** Record set **

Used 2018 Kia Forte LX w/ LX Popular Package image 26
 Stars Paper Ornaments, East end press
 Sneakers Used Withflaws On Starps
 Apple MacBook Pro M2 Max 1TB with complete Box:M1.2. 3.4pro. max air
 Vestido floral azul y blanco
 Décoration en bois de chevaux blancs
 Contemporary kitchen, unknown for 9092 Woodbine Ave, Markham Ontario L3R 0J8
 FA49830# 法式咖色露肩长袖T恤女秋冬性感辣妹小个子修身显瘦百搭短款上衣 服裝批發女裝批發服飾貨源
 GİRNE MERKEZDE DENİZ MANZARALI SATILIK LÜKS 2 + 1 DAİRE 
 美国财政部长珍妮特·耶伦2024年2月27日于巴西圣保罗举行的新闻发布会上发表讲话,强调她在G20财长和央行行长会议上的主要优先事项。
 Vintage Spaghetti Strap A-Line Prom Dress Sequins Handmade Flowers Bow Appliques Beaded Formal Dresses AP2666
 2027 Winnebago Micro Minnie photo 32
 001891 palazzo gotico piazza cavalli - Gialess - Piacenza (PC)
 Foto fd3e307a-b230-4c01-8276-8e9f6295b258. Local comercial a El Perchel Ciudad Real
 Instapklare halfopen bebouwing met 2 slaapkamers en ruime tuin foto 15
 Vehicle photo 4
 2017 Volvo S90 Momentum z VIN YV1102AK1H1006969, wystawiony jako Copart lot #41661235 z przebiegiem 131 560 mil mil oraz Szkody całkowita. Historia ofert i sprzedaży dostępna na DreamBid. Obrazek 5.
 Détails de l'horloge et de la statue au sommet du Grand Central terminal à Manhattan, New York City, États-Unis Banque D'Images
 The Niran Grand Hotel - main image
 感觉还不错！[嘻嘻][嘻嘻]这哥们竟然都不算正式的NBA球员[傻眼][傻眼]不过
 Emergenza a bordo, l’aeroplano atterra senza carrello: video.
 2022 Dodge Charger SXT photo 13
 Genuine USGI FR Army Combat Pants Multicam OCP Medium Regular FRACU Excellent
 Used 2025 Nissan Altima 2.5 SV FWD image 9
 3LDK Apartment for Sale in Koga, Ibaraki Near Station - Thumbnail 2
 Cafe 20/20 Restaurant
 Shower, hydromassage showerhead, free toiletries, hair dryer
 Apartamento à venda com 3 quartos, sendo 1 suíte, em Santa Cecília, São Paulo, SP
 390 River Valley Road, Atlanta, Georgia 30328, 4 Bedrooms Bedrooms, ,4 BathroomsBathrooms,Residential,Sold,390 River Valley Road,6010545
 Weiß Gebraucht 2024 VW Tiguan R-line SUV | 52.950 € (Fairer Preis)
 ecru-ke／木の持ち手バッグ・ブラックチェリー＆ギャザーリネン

** Assignment **
Type out each entry above again, exactly.

** Answer to this exercise **
Used 2018 Kia Forte LX w/ LX Popular Package image 26
 Stars Paper Ornaments, East end press
 Sneakers Used Withflaws On Starps
 Apple MacBook Pro M2 Max 1TB with complete Box:M1.2. 3.4pro. max air
 Vestido floral azul y blanco
 Décoration en bois de chevaux blancs
 Contemporary kitchen, unknown for 9092 Woodbine Ave, Markham Ontario L3R 0J8
 FA49830# 法式咖色露肩长袖T恤女秋冬性感辣妹小个子修身显瘦百搭短款上衣 服裝批發女裝批發服飾貨源
 GİRNE MERKEZDE DENİZ MANZARALI SATILIK LÜKS 2 + 1 DAİRE 
 美国财政部长珍妮特·耶伦2024年2月27日于巴西圣保罗举行的新闻发布会上发表讲话,强调她在G20财长和央行行长会议上的主要优先事项。
 Vintage Spaghetti Strap A-Line Prom Dress Sequins Handmade Flowers Bow Appliques Beaded Formal Dresses AP2666
 2027 Winnebago Micro Minnie photo 32
 001891 palazzo gotico piazza cavalli - Gialess - Piacenza (PC)
 Foto fd3e307a-b230-4c01-8276-8e9f6295b258. Local comercial a El Perchel Ciudad Real
 Instapklare halfopen bebouwing met 2 slaapkamers en ruime tuin foto 15
 Vehicle photo 4
 2017 Volvo S90 Momentum z VIN YV1102AK1H1006969, wystawiony jako Copart lot #41661235 z przebiegiem 131 560 mil mil oraz Szkody całkowita. Historia ofert i sprzedaży dostępna na DreamBid. Obrazek 5.
 Détails de l'horloge et de la statue au sommet du Grand Central terminal à Manhattan, New York City, États-Unis Banque D'Images
 The Niran Grand Hotel - main image
 感觉还不错！[嘻嘻][嘻嘻]这哥们竟然都不算正式的NBA球员[傻眼][傻眼]不过
 Emergenza a bordo, l’aeroplano atterra senza carrello: video.
 2022 Dodge Charger SXT photo 13
 Genuine USGI FR Army Combat Pants Multicam OCP Medium Regular FRACU Excellent
 Used 2025 Nissan Altima 2.5 SV FWD image 9
 3LDK Apartment for Sale in Koga, Ibaraki Near Station - Thumbnail 2
 Cafe 20/20 Restaurant
 Shower, hydromassage showerhead, free toiletries, hair dryer
 Apartamento à venda com 3 quartos, sendo 1 suíte, em Santa Cecília, São Paulo, SP
 390 River Valley Road, Atlanta, Georgia 30328, 4 Bedrooms Bedrooms, ,4 BathroomsBathrooms,Residential,Sold,390 River Valley Road,6010545
 Weiß Gebraucht 2024 VW Tiguan R-line SUV | 52.950 € (Fairer Preis)
 ecru-ke／木の持ち手バッグ・ブラックチェリー＆ギャザーリネン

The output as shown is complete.